Layer 7 load balancers terminate network traffic, read the message, make a load-balancing decision, then open a connection to the selected server. For example, a layer 7 load balancer can direct video traffic to servers that host videos while directing more sensitive user billing traffic to security-hardened servers.

Layer 7 load balancing is more CPU‑intensive than packet‑based Layer 4 load balancing, but rarely causes degraded performance on a modern server. Layer 7 load balancing enables the load balancer to make smarter load‑balancing decisions, and to apply optimizations and changes to the content (such as compression and encryption). It uses buffering to offload slow connections from the upstream servers, which improves performance.

A device that performs Layer 7 load balancing is often referred to as a reverse‑proxy server.

Reverse Proxy Server

A proxy server is a go‑between or intermediary server that forwards requests for content from multiple clients to different servers across the Internet.

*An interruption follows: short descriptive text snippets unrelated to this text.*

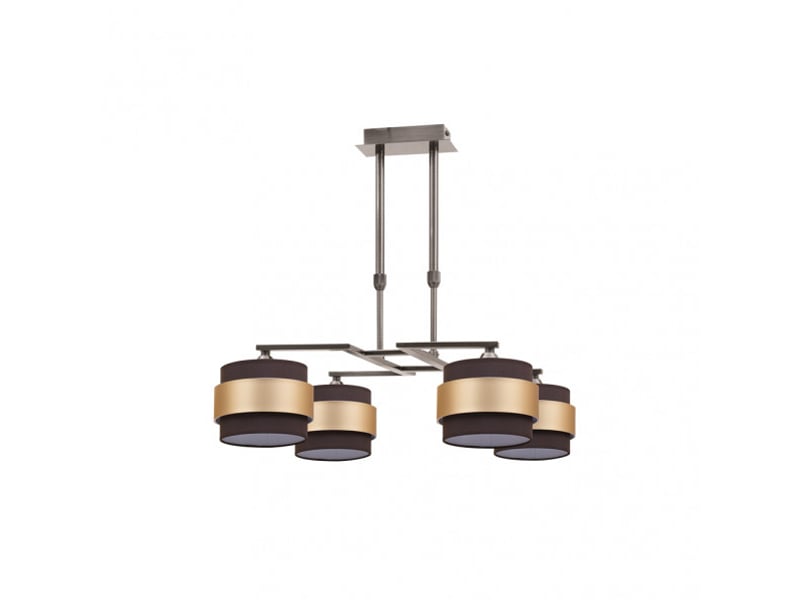  Lampe nature fabrilamp bremen 4 lumières e14 cueromarrón-oro 066484014 - Conforama A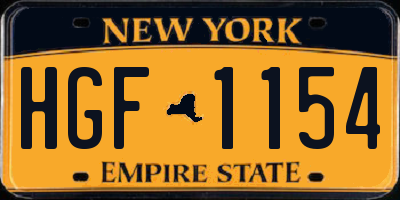 NY license plate HGF1154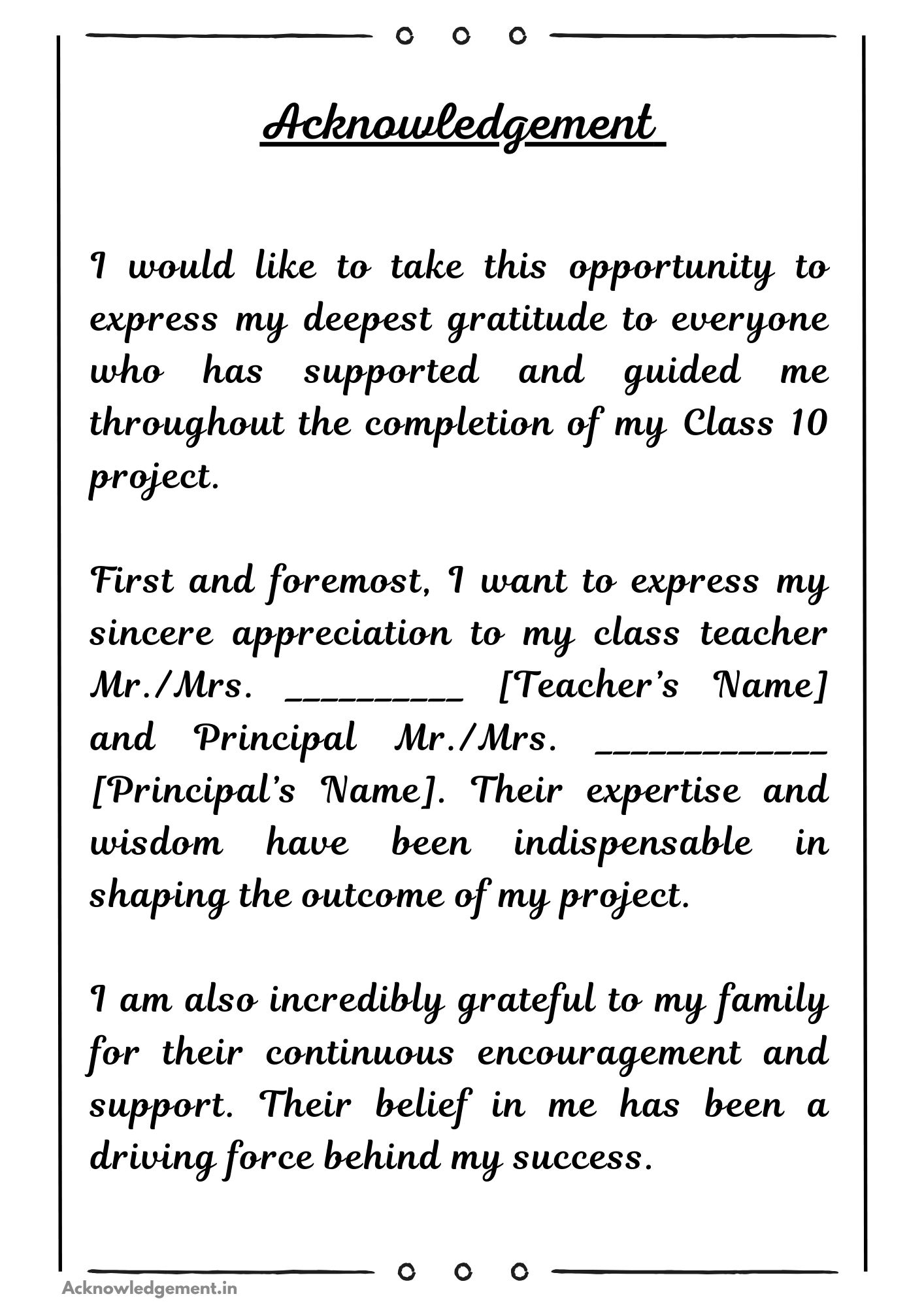 Acknowledgement for Class 10 Project
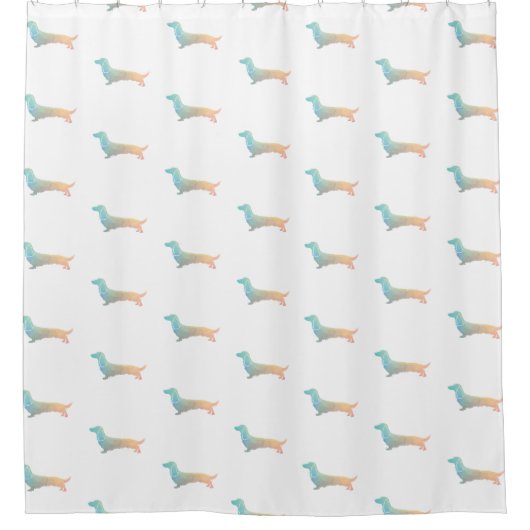 Long Hazard Dachshund Geo Silhouette Pastel Douchegordijn (Voorkant)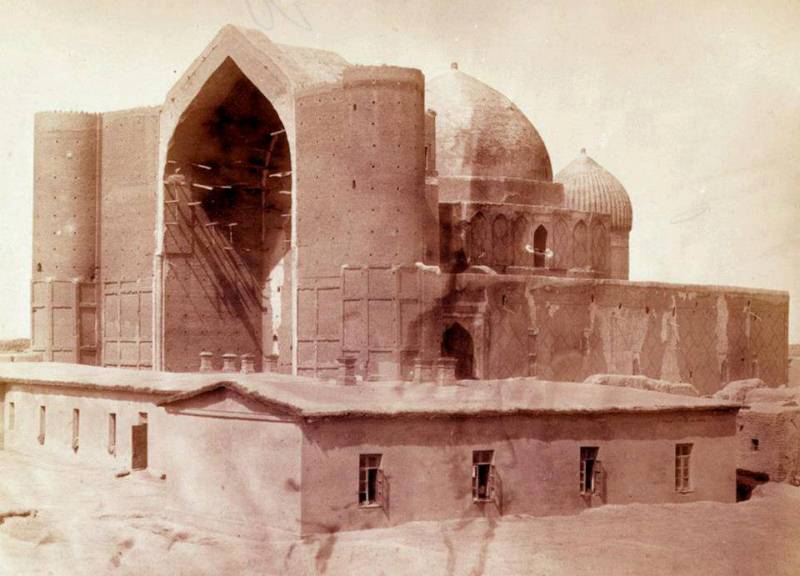 Hazret Yassavi mosque. Turkestan. 1870th. Turkestan album of Kauffman.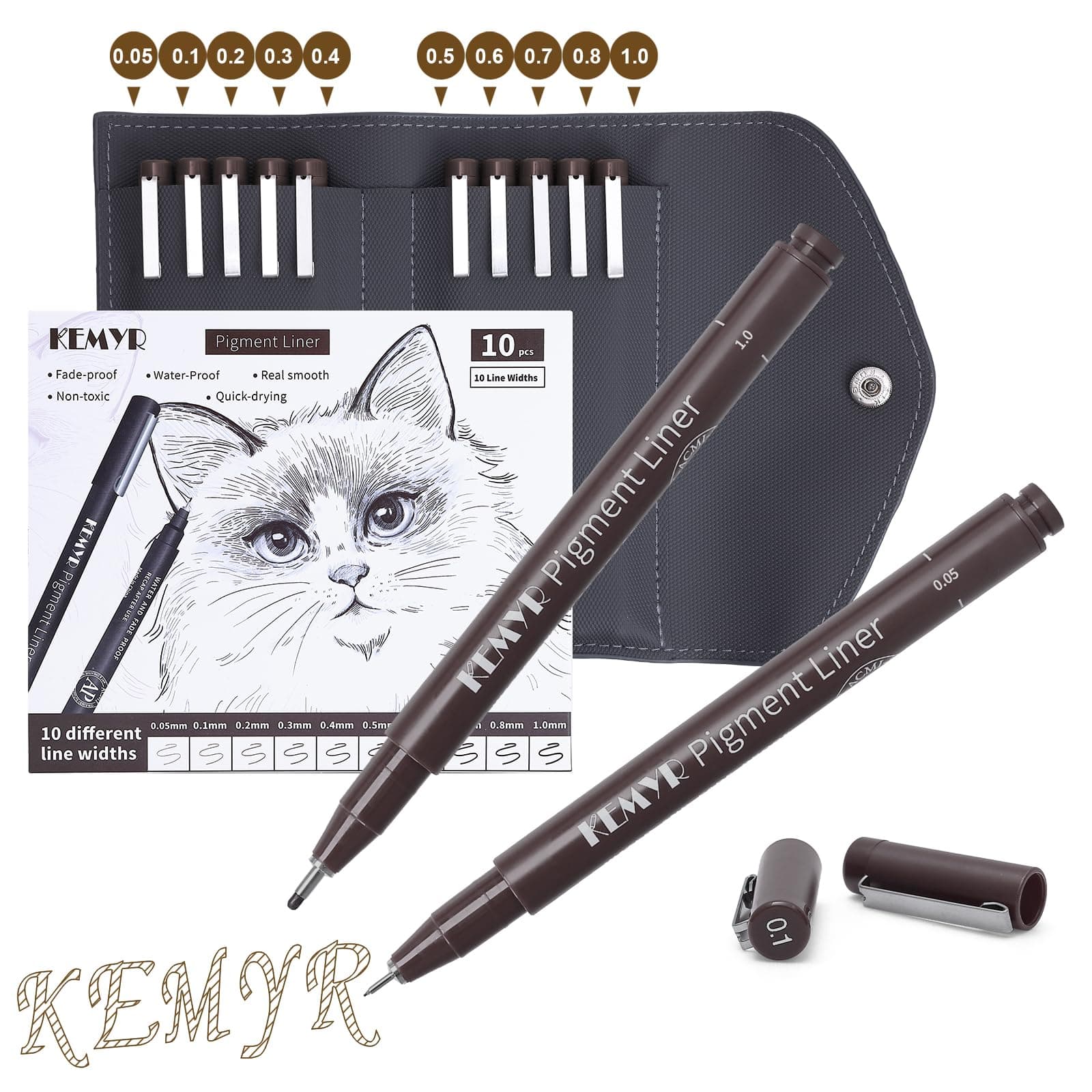 KEMYR Lot de 10 stylos de calligraphie à pointe fine - 0,05 mm - 1,0 mm - Fournitures d'art sépia imperméables - Marqueurs à encre marron po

A reverse proxy server is a type of proxy server that typically sits behind the firewall in a private network and directs client requests to the appropriate backend server.

A reverse proxy provides an additional level of abstraction and control to ensure the smooth flow of network traffic between clients and servers.

Common uses for a reverse proxy server include:

  • Load balancing
  • Web acceleration – Reverse proxies can compress inbound and outbound data, as well as cache commonly requested content, both of which speed up the flow of traffic between clients and servers. They can also perform additional tasks such as SSL encryption to take load off of your web servers, thereby boosting their performance.
  • Security and anonymity – By intercepting requests headed for your backend servers, a reverse proxy server protects their identities and acts as an additional defense against security attacks. It also ensures that multiple servers can be accessed from a single record locator or URL regardless of the structure of your local area network.

Reverse Proxy

You can think of the reverse proxy as a website's "public face". Its address is the one advertised for the website, and it sits at the edge of the site's network to accept requests from web browsers and mobile apps for the content hosted at the website.

benefits:

  • Increased security - Hide information about backend servers, blacklist IPs, limit number of connections per client
  • Increased scalability and flexibility - Because clients see only the reverse proxy's IP address, you are free to change the configuration of your backend infrastructure.
  • Compression - Compress server responses before returning them to the client
  • SSL termination - Decrypt incoming requests and encrypt server responses so backend servers do not have to perform these potentially expensive operations
    • Removes the need to install X.509 certificates on each server
  • Caching - Before returning the backend server's response to the client, the reverse proxy stores a copy of it locally.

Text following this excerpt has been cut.